[Stored dataset items]

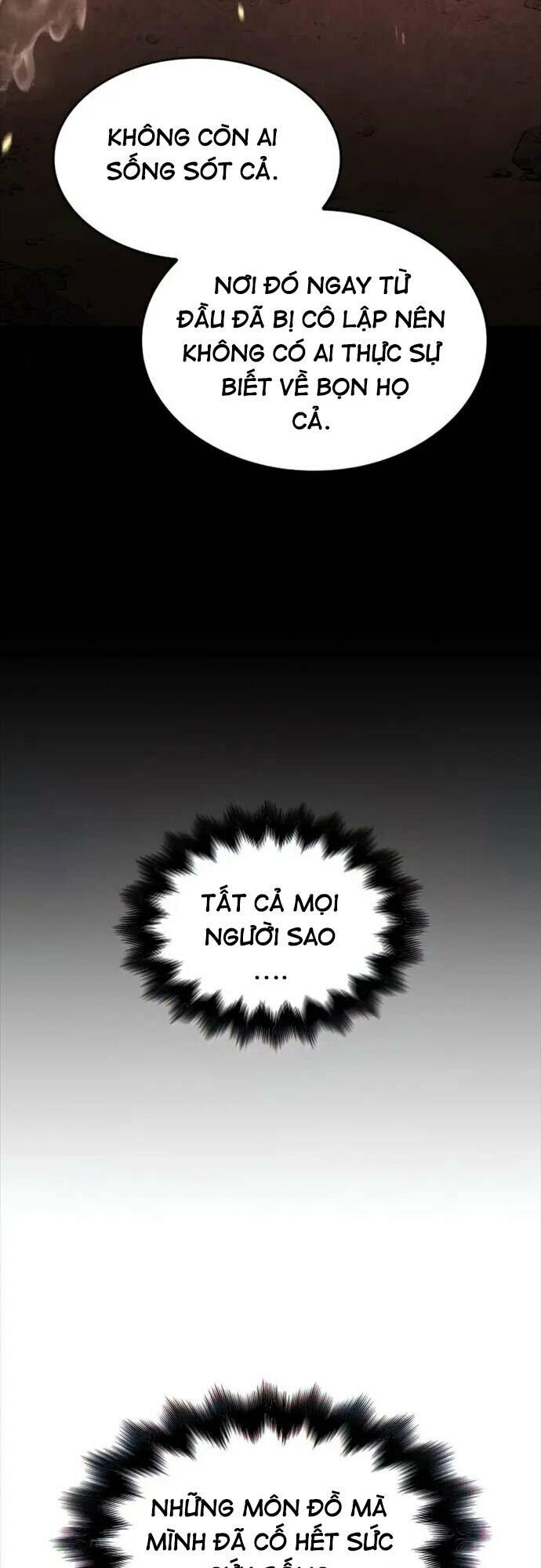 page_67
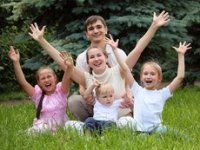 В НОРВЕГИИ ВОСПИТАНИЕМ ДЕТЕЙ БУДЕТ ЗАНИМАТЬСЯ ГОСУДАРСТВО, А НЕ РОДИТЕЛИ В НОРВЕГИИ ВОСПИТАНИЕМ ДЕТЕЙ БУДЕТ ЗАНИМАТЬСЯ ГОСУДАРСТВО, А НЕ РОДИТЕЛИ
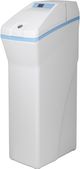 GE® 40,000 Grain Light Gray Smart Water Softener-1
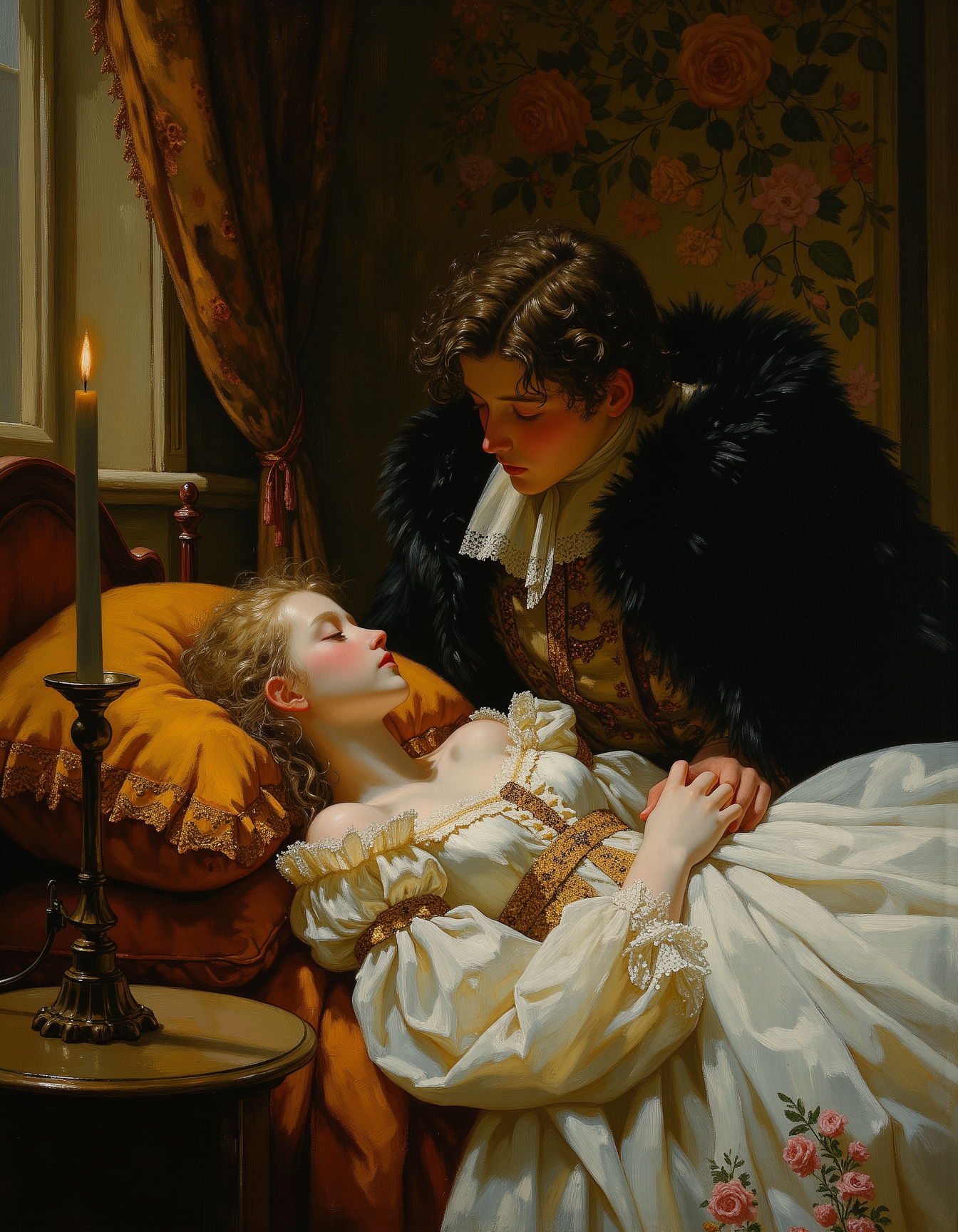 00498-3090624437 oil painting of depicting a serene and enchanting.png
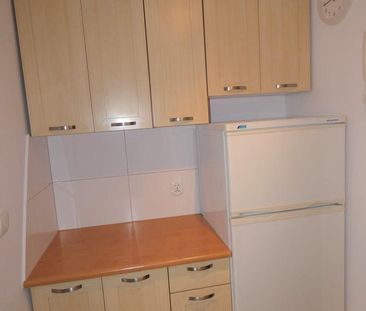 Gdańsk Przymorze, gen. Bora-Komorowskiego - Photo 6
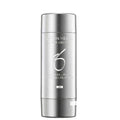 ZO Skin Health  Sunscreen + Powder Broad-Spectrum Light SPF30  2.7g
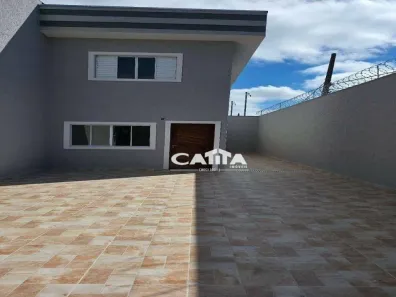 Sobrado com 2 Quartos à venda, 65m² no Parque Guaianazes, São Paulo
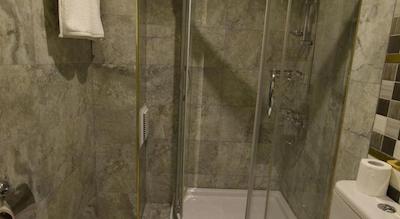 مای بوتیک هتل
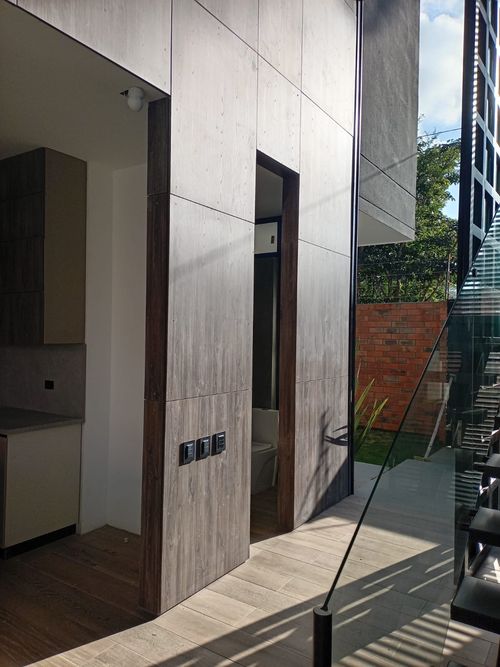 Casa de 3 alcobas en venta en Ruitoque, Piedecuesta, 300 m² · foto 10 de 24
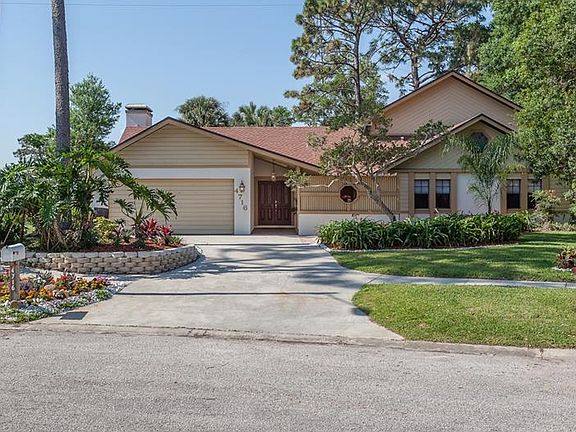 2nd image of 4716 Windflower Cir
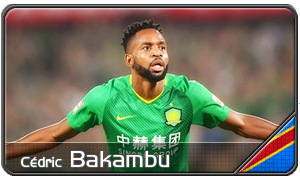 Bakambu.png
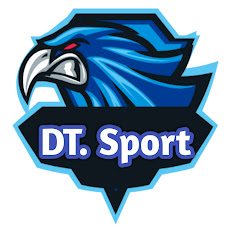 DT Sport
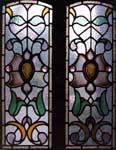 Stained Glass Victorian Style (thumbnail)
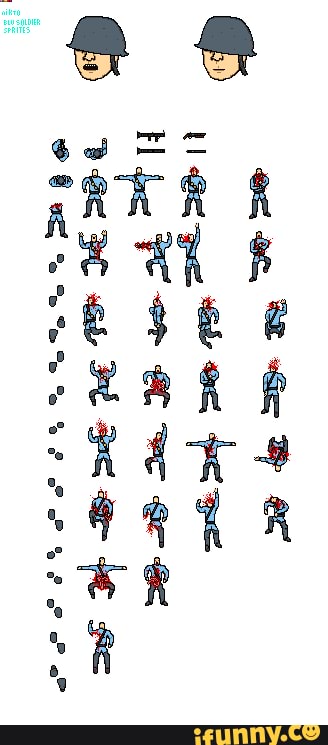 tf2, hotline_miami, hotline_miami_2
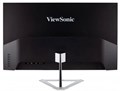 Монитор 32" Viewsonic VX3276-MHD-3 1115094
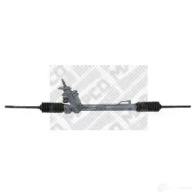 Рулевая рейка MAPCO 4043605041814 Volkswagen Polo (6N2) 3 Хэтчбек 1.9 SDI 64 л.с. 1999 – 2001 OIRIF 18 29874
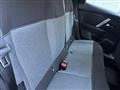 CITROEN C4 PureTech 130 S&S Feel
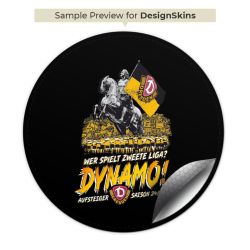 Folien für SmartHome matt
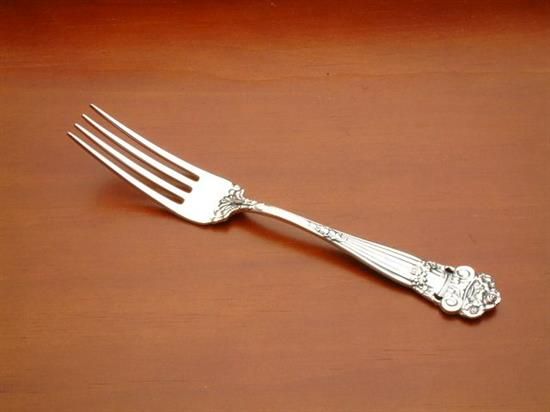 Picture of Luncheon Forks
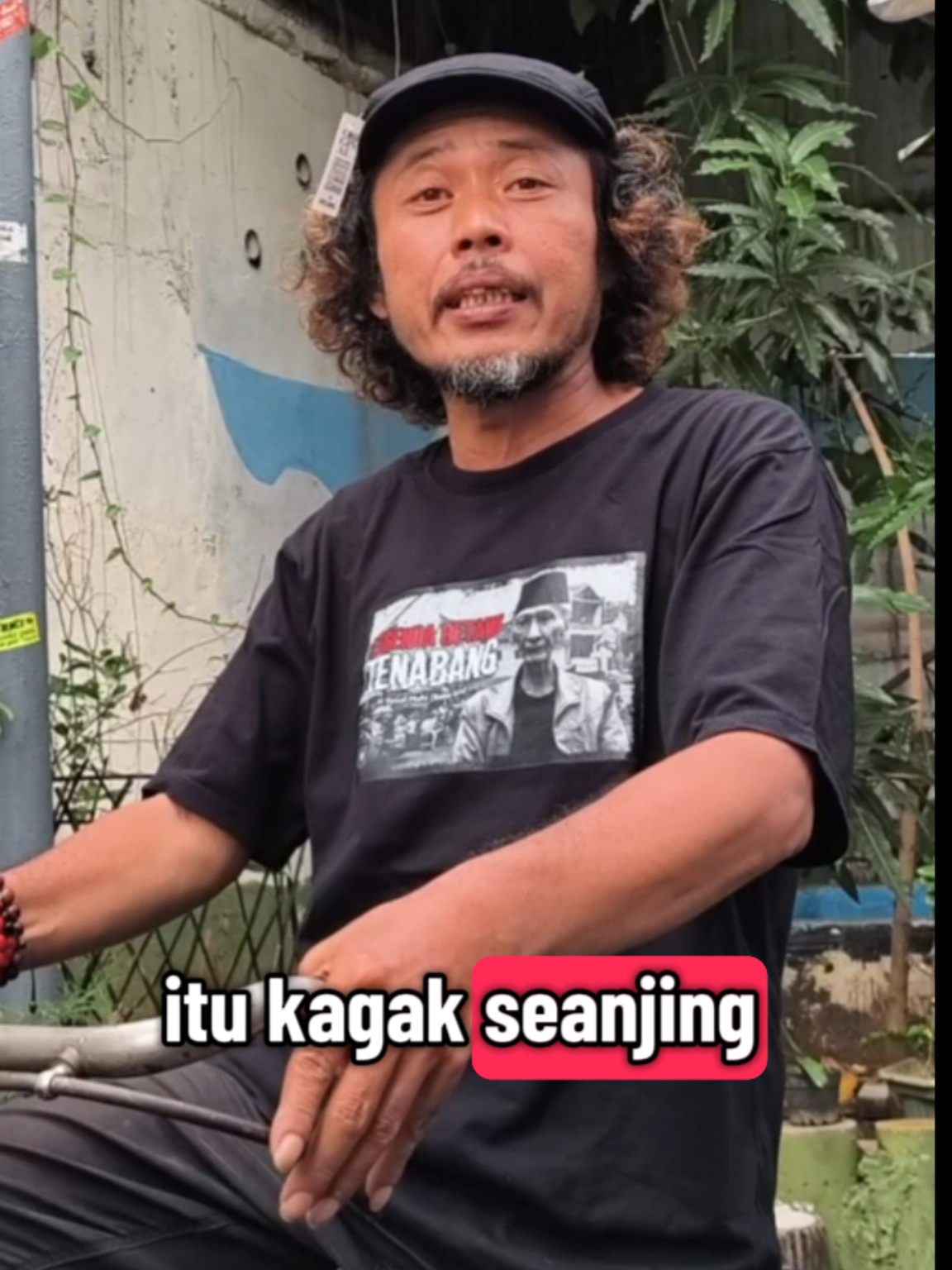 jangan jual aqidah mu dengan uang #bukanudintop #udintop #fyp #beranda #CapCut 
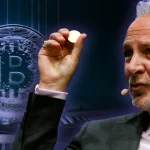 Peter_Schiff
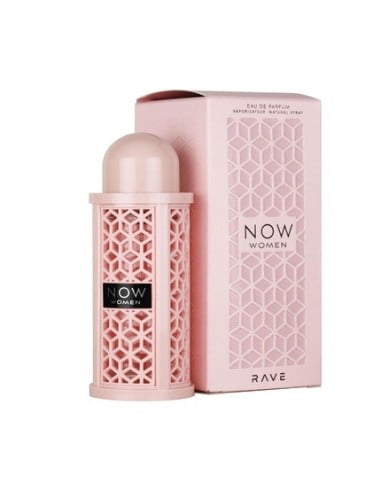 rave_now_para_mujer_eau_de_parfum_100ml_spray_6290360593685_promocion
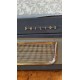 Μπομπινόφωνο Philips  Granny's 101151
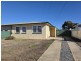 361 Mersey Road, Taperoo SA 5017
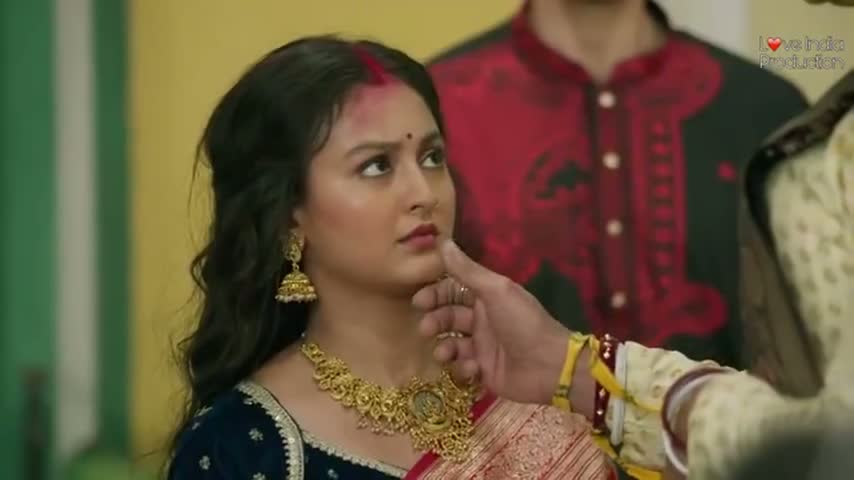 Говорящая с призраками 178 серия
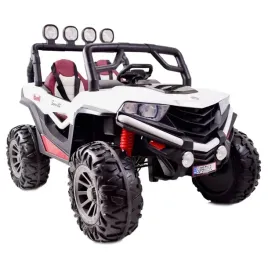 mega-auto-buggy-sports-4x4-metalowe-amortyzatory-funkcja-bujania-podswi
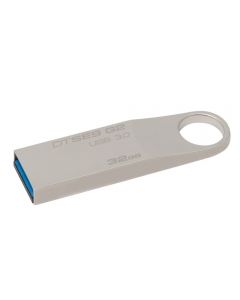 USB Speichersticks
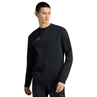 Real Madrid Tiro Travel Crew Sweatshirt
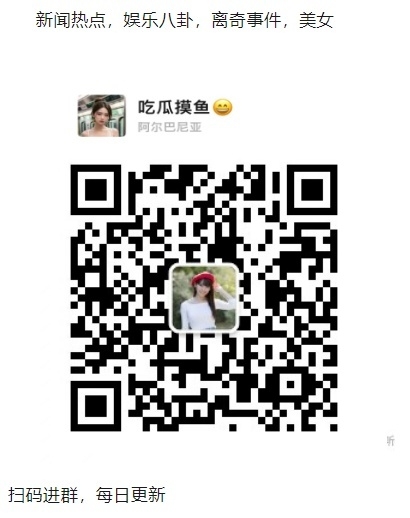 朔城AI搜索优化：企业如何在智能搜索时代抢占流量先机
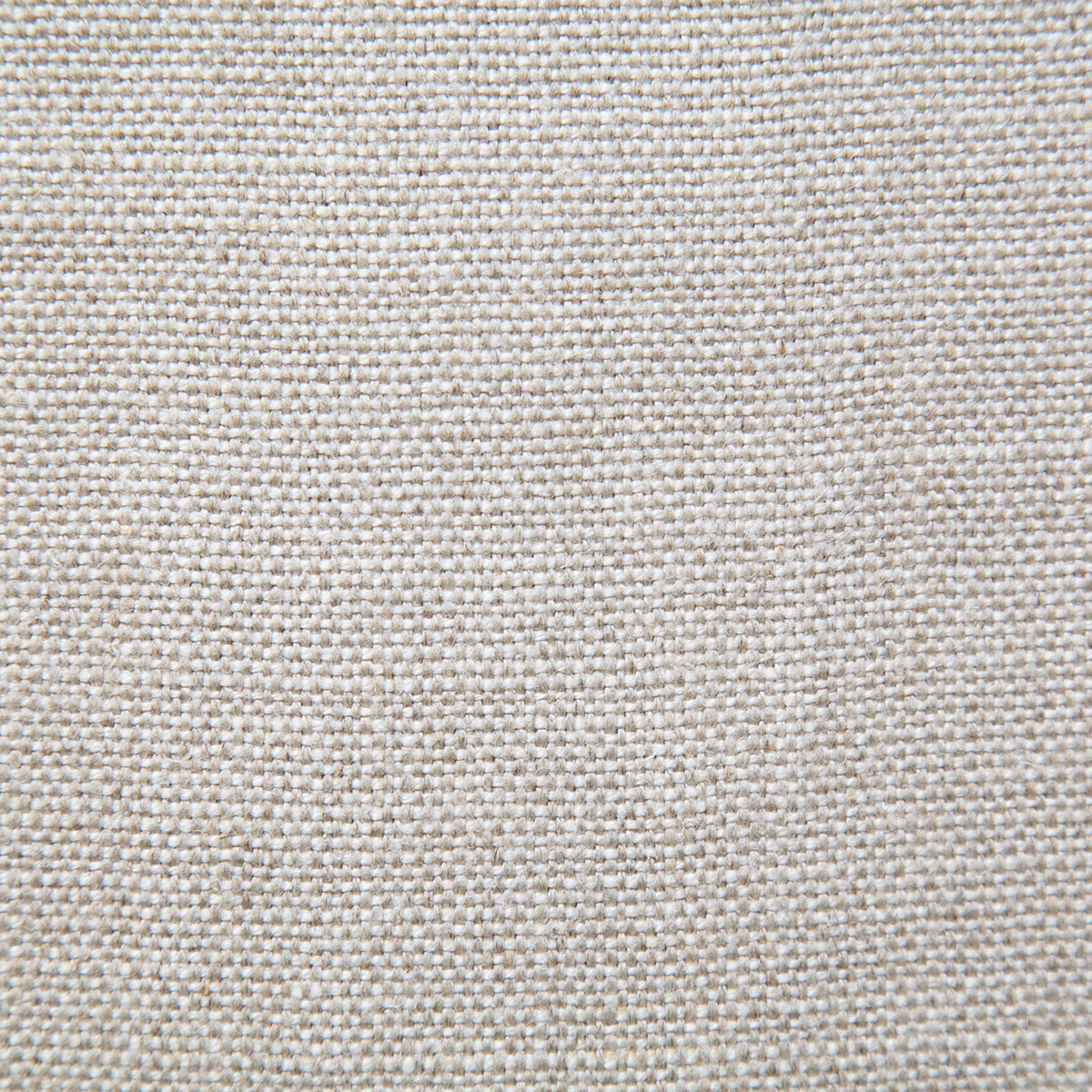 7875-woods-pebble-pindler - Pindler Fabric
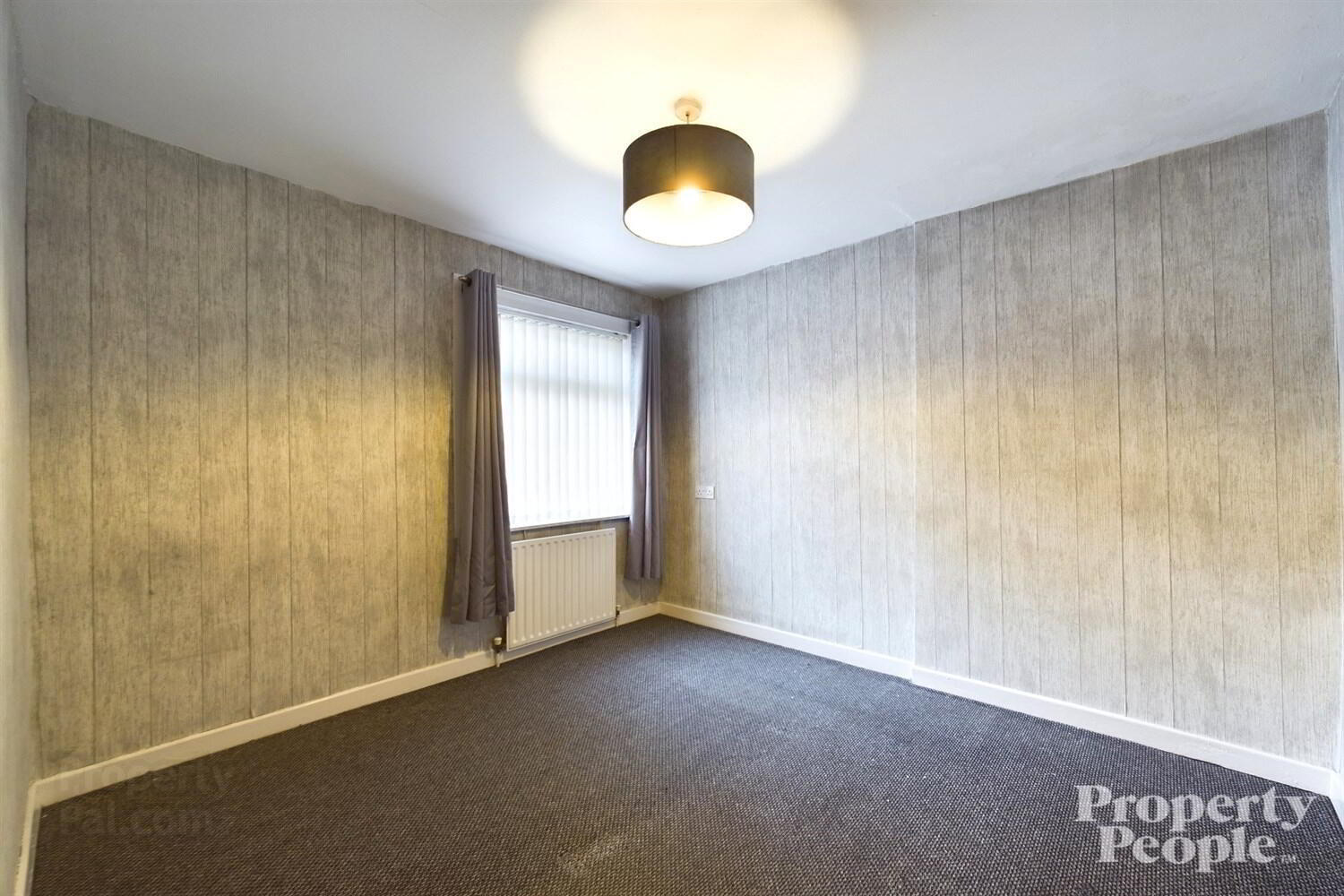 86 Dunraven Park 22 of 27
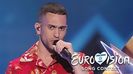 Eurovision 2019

Problem details
Please write out all of the data verbatim, with no pictures in the copy.

Task solution
 page_67
 В НОРВЕГИИ ВОСПИТАНИЕМ ДЕТЕЙ БУДЕТ ЗАНИМАТЬСЯ ГОСУДАРСТВО, А НЕ РОДИТЕЛИ В НОРВЕГИИ ВОСПИТАНИЕМ ДЕТЕЙ БУДЕТ ЗАНИМАТЬСЯ ГОСУДАРСТВО, А НЕ РОДИТЕЛИ
 GE® 40,000 Grain Light Gray Smart Water Softener-1
 00498-3090624437 oil painting of depicting a serene and enchanting.png
 Gdańsk Przymorze, gen. Bora-Komorowskiego - Photo 6
 ZO Skin Health  Sunscreen + Powder Broad-Spectrum Light SPF30  2.7g
 Sobrado com 2 Quartos à venda, 65m² no Parque Guaianazes, São Paulo
 مای بوتیک هتل
 Casa de 3 alcobas en venta en Ruitoque, Piedecuesta, 300 m² · foto 10 de 24
 2nd image of 4716 Windflower Cir
 Bakambu.png
 DT Sport
 Stained Glass Victorian Style (thumbnail)
 tf2, hotline_miami, hotline_miami_2
 Монитор 32" Viewsonic VX3276-MHD-3 1115094
 Рулевая рейка MAPCO 4043605041814 Volkswagen Polo (6N2) 3 Хэтчбек 1.9 SDI 64 л.с. 1999 – 2001 OIRIF 18 29874
 CITROEN C4 PureTech 130 S&S Feel
 Folien für SmartHome matt
 Picture of Luncheon Forks
 jangan jual aqidah mu dengan uang #bukanudintop #udintop #fyp #beranda #CapCut 
 Peter_Schiff
 rave_now_para_mujer_eau_de_parfum_100ml_spray_6290360593685_promocion
 Μπομπινόφωνο Philips  Granny's 101151
 361 Mersey Road, Taperoo SA 5017
 Говорящая с призраками 178 серия
 mega-auto-buggy-sports-4x4-metalowe-amortyzatory-funkcja-bujania-podswi
 USB Speichersticks
 Real Madrid Tiro Travel Crew Sweatshirt
 朔城AI搜索优化：企业如何在智能搜索时代抢占流量先机
 7875-woods-pebble-pindler - Pindler Fabric
 86 Dunraven Park 22 of 27
 Eurovision 2019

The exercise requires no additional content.